The paper proves global convergence of parallel Jacobi methods for symmetric 4x4 matrices, showing that after two cycles the Frobenius norm of off-diagonal elements decreases by at least a factor of 1-10^{-5}. It also shows that for larger matrices, a single cycle can achieve arbitrarily slow convergence.

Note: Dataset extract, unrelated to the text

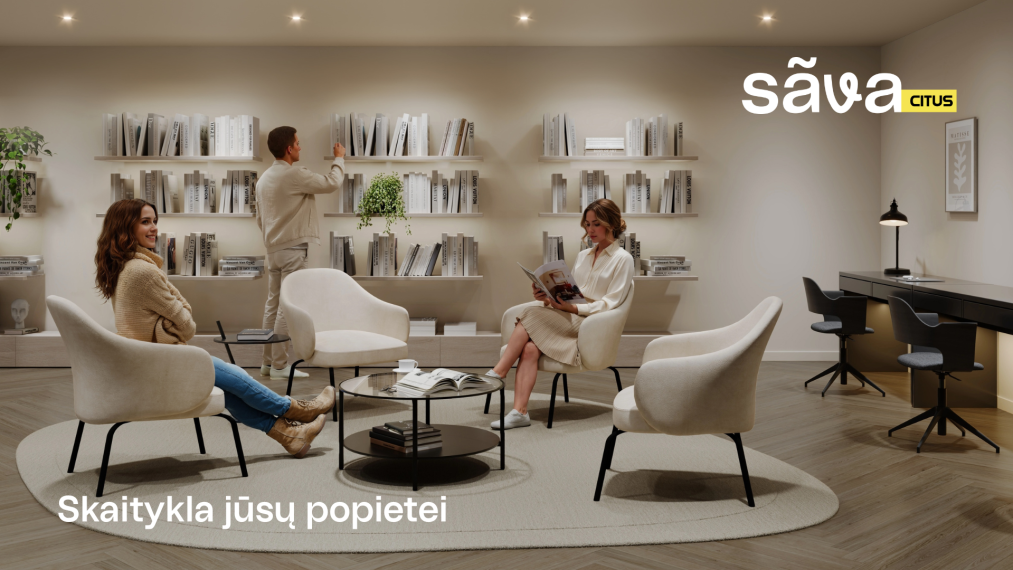 Parduodamas butas Mykolo Lietuvio g., Vilniaus m., Vilniaus m. sav., 74.39 m² ploto 4 kambariai 13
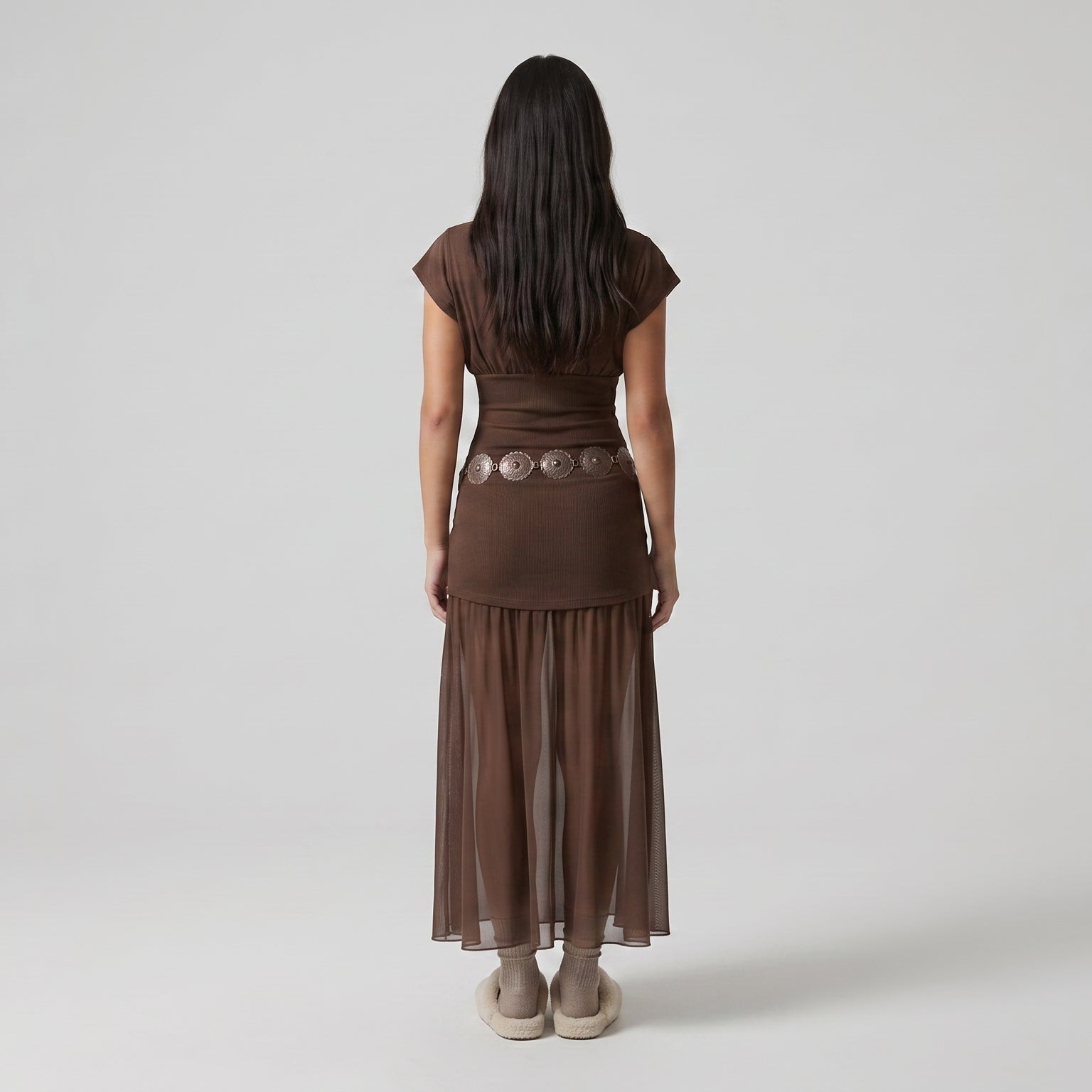 Dress Pure Muse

The paper analyzes special cyclic Jacobi methods for symmetric matrices of order $4$. Only those cyclic pivot strategies that enable full parallelization of the method are considered. These strategies, unlike the serial pivot strategies, can force the method to be very slow or very fast within one cycle, depending on the underlying matrix. Hence, for the global convergence proof one has to consider two or three adjacent cycles. It is proved that for any symmetric matrix $A$ of order~$4$ the inequality $S(A^{[2]})\leq(1-10^{-5})S(A)$ holds, where $A^{[2]}$ results from $A$ by applying two cycles of a particular parallel method. Here $S(A)$ stands for the Frobenius norm of the strictly upper-triangular part of $A$. The result holds for two special parallel strategies and implies the global convergence of the method under all possible fully parallel strategies. It is also proved that for every $ε>0$ and $n\geq4$ there exist a symmetric matrix $A(ε)$ of order $n$ and a cyclic strategy, such that upon completion of the first cycle of the appropriate Jacobi method the inequality $S(A^{[1]})> (1-ε)S(A(ε))$ holds.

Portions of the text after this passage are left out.